↓

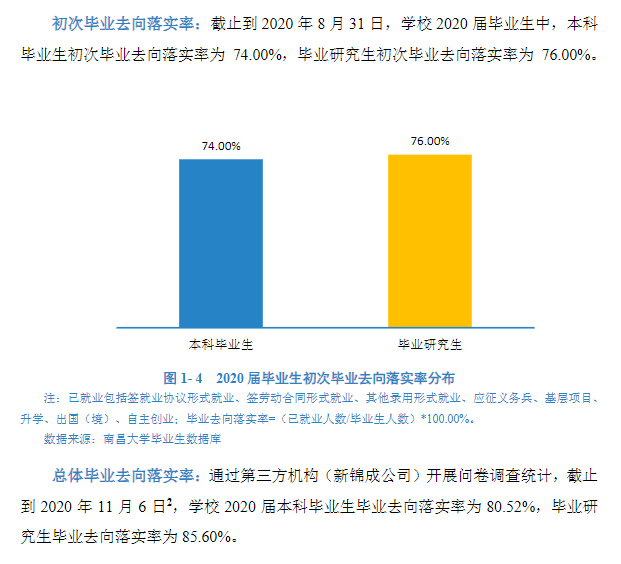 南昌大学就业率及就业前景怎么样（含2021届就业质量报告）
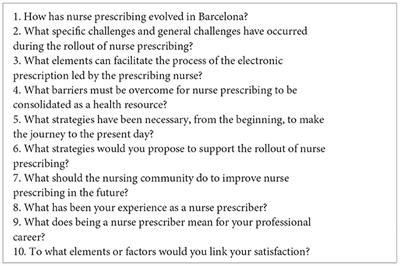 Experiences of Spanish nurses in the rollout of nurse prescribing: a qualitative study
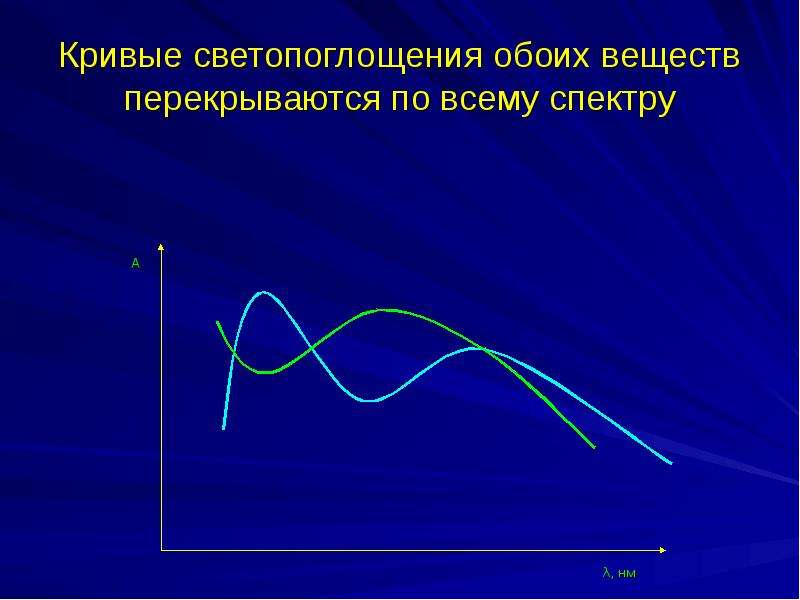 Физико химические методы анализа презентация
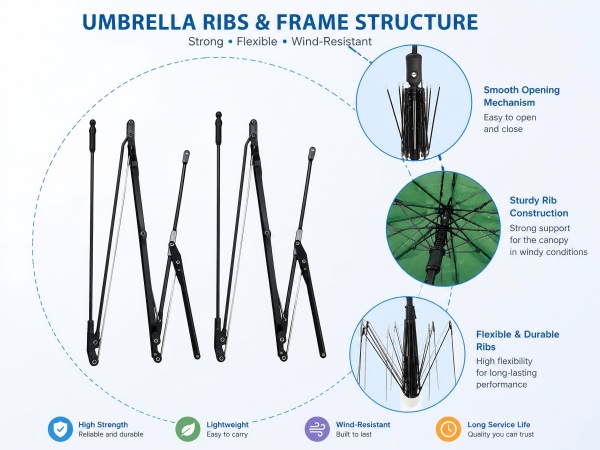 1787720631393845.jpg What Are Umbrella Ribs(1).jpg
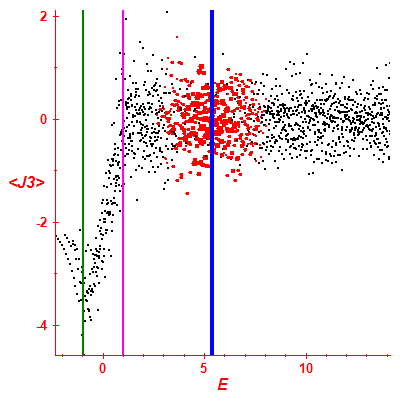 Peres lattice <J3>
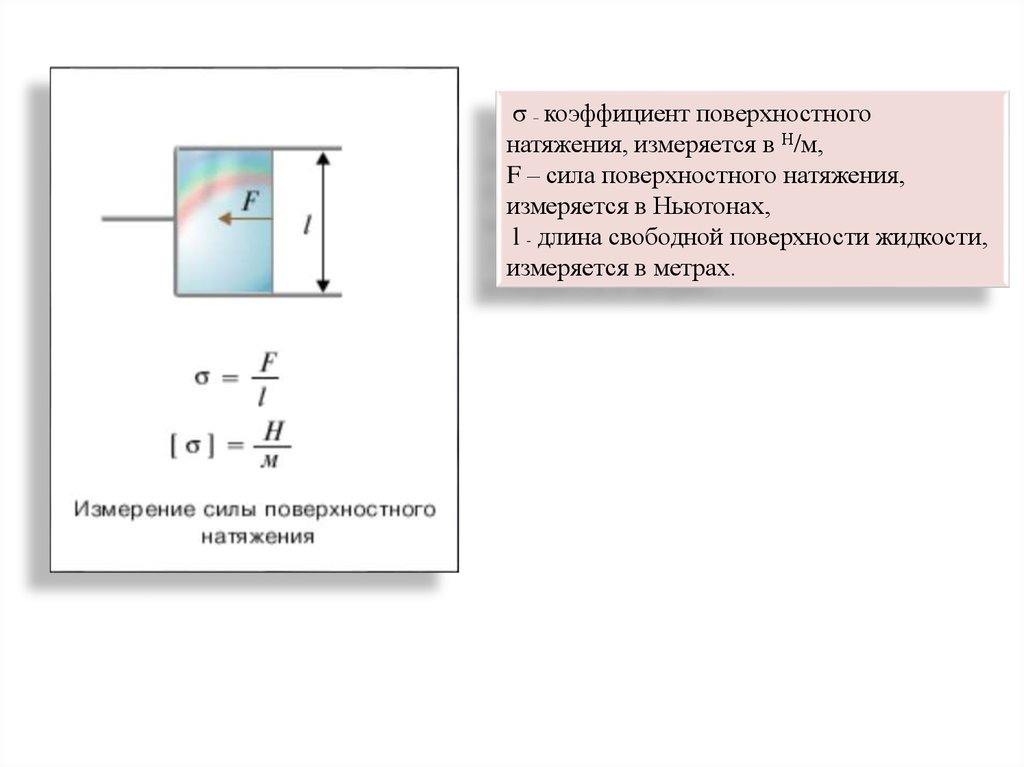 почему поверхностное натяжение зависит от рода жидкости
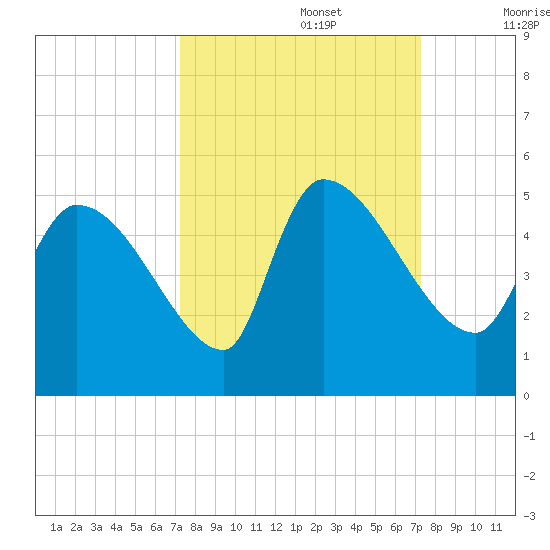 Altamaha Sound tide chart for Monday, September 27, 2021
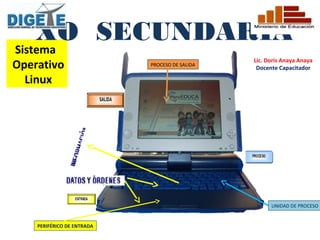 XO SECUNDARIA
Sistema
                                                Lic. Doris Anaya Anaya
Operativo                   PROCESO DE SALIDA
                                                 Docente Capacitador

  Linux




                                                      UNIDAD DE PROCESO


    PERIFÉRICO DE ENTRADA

↑

*What is expected*: All lines from the one with "1787720631393845.jpg What Are" through the end of the records above must be reproduced exactly, both ends included, and the pictures must be left out.

*Answer below*:
 1787720631393845.jpg What Are Umbrella Ribs(1).jpg
 Peres lattice <J3>
 почему поверхностное натяжение зависит от рода жидкости
 Altamaha Sound tide chart for Monday, September 27, 2021
 XO SECUNDARIA
Sistema
                                                Lic. Doris Anaya Anaya
Operativo                   PROCESO DE SALIDA
                                                 Docente Capacitador

  Linux




                                                      UNIDAD DE PROCESO


    PERIFÉRICO DE ENTRADA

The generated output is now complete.